Steeds meer gezinnen kloppen aan bij de Dienst voor Alimentatievorderingen om voorschotten op alimentatiegeld te ontvangen. Ook de inning van achterstallig alimentatiegeld bij de onderhoudsplichtigen is verbeterd. Dat blijkt uit het antwoord van minister van Financiën Van Peteghem op een schriftelijke vraag van CD&V-Kamerlid Nahima Lanjri. Lanjri : “De initiatieven om DAVO breder kenbaar te maken, werpen duidelijk hun vruchten af. Steeds meer gezinnen vinden hun weg naar DAVO en doen er ook beroep op. En dat is van groot belang om het risico te beperken dat kwetsbaren, zoals eenoudergezinnen, in armoede terecht komen.”
Lanjri: “Wanneer koppels met kinderen uit elkaar gaan, is dit niet alleen emotioneel zwaar, maar het brengt vaak ook financiële dompers met zich mee. Dit is zeker het geval indien de ex-partner weigert om de alimentatie te betalen. Eenoudergezinnen lopen bovendien dubbel zoveel risico op armoede of sociale uitsluiting dan twee ouders met één of meerdere kinderen (30,1% tegenover 14,2%). Een maand zonder alimentatie kan hen al in financiële moeilijkheden brengen om voor hun gezin te zorgen.

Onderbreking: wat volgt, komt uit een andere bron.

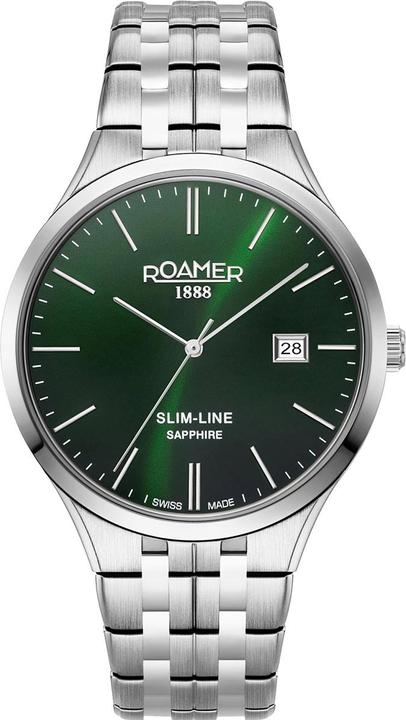 Roamer 512833 41 75 20 Slim Line Classic (40 mm)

Daarom werd DAVO in het leven geroepen om kwetsbare gezinnen te voorzien van voorschotten op de alimentatie waarop ze recht hebben. DAVO vordert die voorschotten nadien terug bij diegene die de alimentatie moet betalen.”

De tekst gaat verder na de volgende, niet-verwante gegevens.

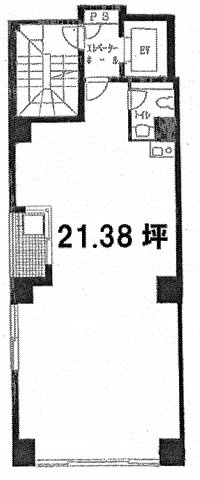 能登治ビルの間取り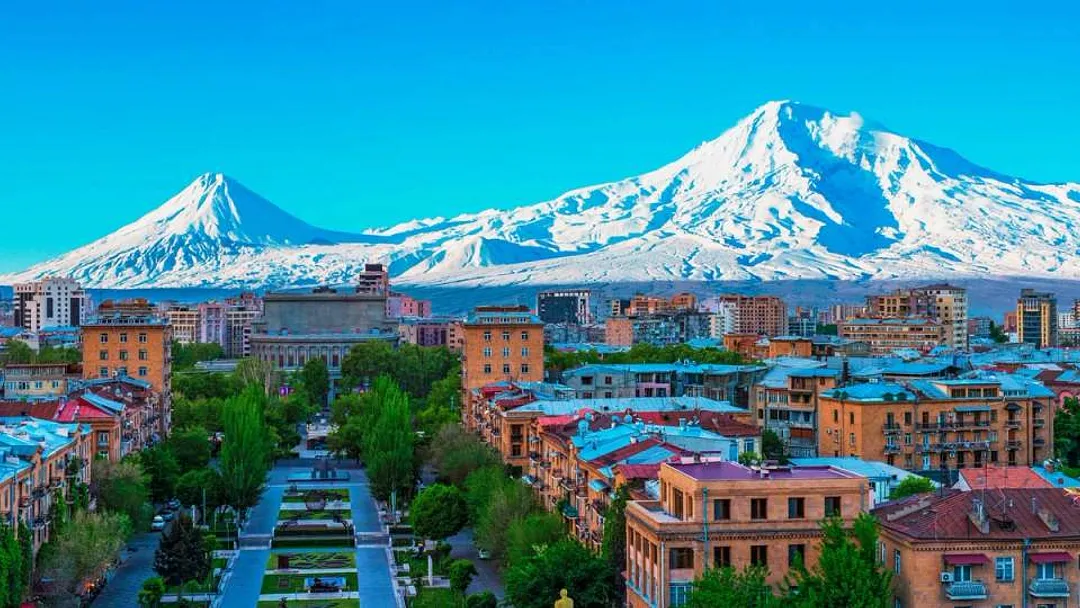 Across the Southern Caucasus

DAVO (Dienst voor Alimentatievorderingen) werd in 2003 opgericht en maakt deel uit van de FOD Financiën. Deze dienst betaalt voorschotten op alimentatierecht uit aan wie daartoe recht heeft, in het kader van armoedebestrijding. Daarnaast helpt DAVO bij de uitvoering van gerechtelijke vonnissen door zelf het achterstallige alimentatiegeld in te vorderen.
Steeds meer gezinnen vinden nu die weg naar DAVO, waardoor meer kwetsbare kinderen geholpen kunnen worden. De voorbije vijf jaar steeg het aantal gezinnen die bij DAVO kwamen aankloppen met maar liefst 32,3%. In 2021 ging het om zo’n 14.691 gezinnen die een voorschot op de alimentatie ontvingen voor in totaal 26.807 kinderen. Deze stijging is het gevolg van een verbeterde kenbaarheid van DAVO, en dit dankzij de media en de verplichte vermelding bij gerechtelijke beslissingen. Wie recht heeft op alimentatie, wordt zo aangemoedigd beroep te doen op DAVO om achterstallige betalingen te vorderen.

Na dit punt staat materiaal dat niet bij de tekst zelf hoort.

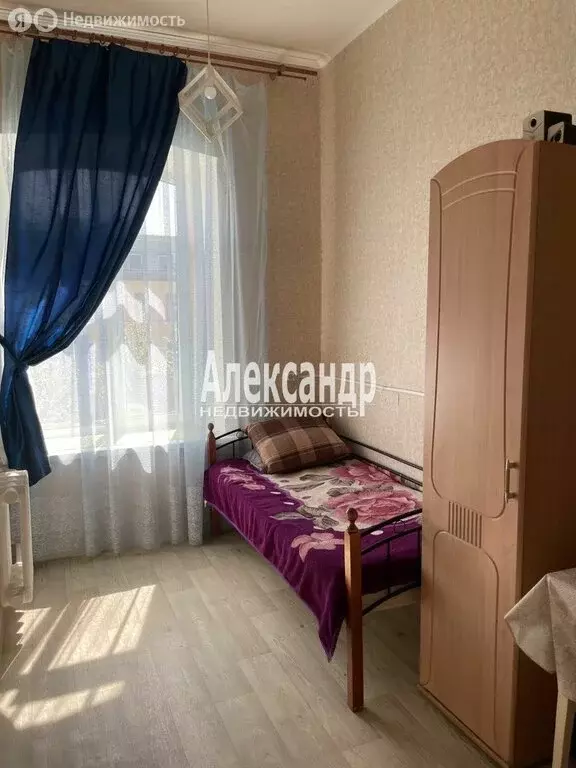1к в 20-комнатной квартире (11.1 м) - Фото 1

Ook de inning van achterstallige alimentatie is sterk verbeterd. De FOD Financiën volgt wanbetalers beter op en slaagt er ook beter in om de bedragen te vorderen. Dat komt door een efficiënter en geautomatiseerd beheer van de dossiers. Lanjri: “Wie in gebreke blijft en de onderhoudsplicht verwaarloost, komt hier niet langer (gratis) mee weg. Ook dit is een positieve evolutie. In 2016 bedroeg het recuperatiepercentage amper 34%, in 2021 is dit ruim verdubbeld tot 70%. In 2021 werd er in totaal zo’n 42,7 miljoen euro aan betaalde voorschotten voor alimentatie teruggevorderd. Dat is goed, maar er blijft nog ruimte voor verbetering."
Ook is er een betere inning van voorschotten van mensen die onterecht een bedrag hebben ontvangen. Op initiatief van CD&V werd in het verleden (2014) een wetswijziging aangenomen waardoor DAVO de onterecht uitbetaalde voorschotten kan terugvorderen. Van de 61,3 miljoen euro aan voorschotten die DAVO in 2021 uitkeerde, werd 1,4% onterecht uitbetaald. Lanjri: “Ook al gaat het gelukkig niet om veel gevallen, elk geval van onterecht betaalde uitkering van alimentatie is er een teveel en ondermijnt de draagkracht van de werking van DAVO. De aanpak ervan is dus een kwestie van goed bestuur.”